For now, the border remains relatively quiet but potentially volatile. Bedouin smugglers and illegal migrants continue to cross the still-porous frontier, and beefed-up Israeli forces are on alert for infiltration by gunmen seeking to attack inside Israel. The smugglers move arms, drugs and other contraband, while the migrants from countries such as Eritrea and Sudan make the risky crossing to seek a livelihood and asylum in Israel.

On Nov. 23, two Egyptian border guards were killed in a shootout with smugglers, according to the Israeli army and news media reports from Egypt. About an hour later, Israeli soldiers shot at a group of smugglers who had crossed into Israel, drawing return fire from the infiltrators, who left behind an assault rifle and a pistol, according to the military.

Events at the border can have a powerful ripple effect. After the deadly attack in August, Israeli forces pursuing the gunmen killed five Egyptian security officers, triggering a furious reaction in Egypt that shook bilateral relations and fueled protests that climaxed three weeks later with the storming of the Israeli Embassy in Cairo.
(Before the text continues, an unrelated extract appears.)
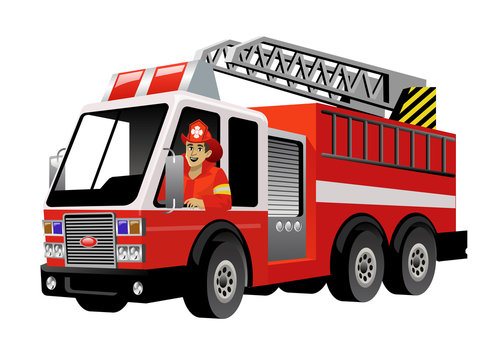 fire fighter driving fire truck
The area where the attack occurred was eerily quiet during an army-escorted visit by journalists on a recent afternoon. The Israeli border road, closed to civilian traffic since the incident, was empty. Across the new border fence, a group of off-duty Egyptian policemen trooped out of their hilltop post for an impromptu soccer game in the gully below.

Swathed in coils of razor wire, the barrier was angled at its top toward Egyptian territory to discourage attempts to scale it. Sections of the old ramshackle fence were visible in the rocky terrain, separated by gaps that have made it easily passable.

An Israeli surveillance blimp floated in the distance, a sign of the stepped-up intelligence-gathering effort in the border area, coupled with a substantial increase and upgrade of troops at the frontier. The new fence is to be backed by cameras and radar to detect movements on the Egyptian side.

Built to serve as a formidable obstacle rather than as an electronic tripwire to signal infiltration, the Egypt border fence is a larger construction than Israel’s security fence around the Gaza Strip. Located in a barren strip of land along a mutually agreed border, it has not generated the controversies and legal challenges triggered by Israel’s separation barrier in the West Bank, which slices into the territory, runs through Palestinian communities in some places and cuts villages off from their lands in others.

A senior officer on the border with Egypt said that despite the increase in perceived threats there, the army still views the area differently from the hostile frontiers with the Gaza Strip, Syria and Lebanon, from which rockets were fired across Israel’s northern border Tuesday, drawing Israeli artillery fire. The rules of engagement along the Egyptian border were different, the officer said, but he acknowledged that since the August attack, military activity along the borderline is carried out with greater tactical caution and more potential firepower.

“We’re more alert, more prepared, but we still rely on the Egyptians to do the job in their sector,” said the officer, who spoke on the condition of anonymity because of army rules. “We can’t prevent shooting from the other side, but we want to prevent infiltration by terrorists into our territory and attacks inside Israel.”

The $360 million fence project is slated for completion toward the end of next year, and there are plans to reopen the border area soon to Israeli motorists and hikers. Despite the changes sweeping Egypt, coordination with the Egyptian security forces in the field is continuing, the officer said.

“It’s still a border of peace,” he said. “Our interest is to keep it that way.”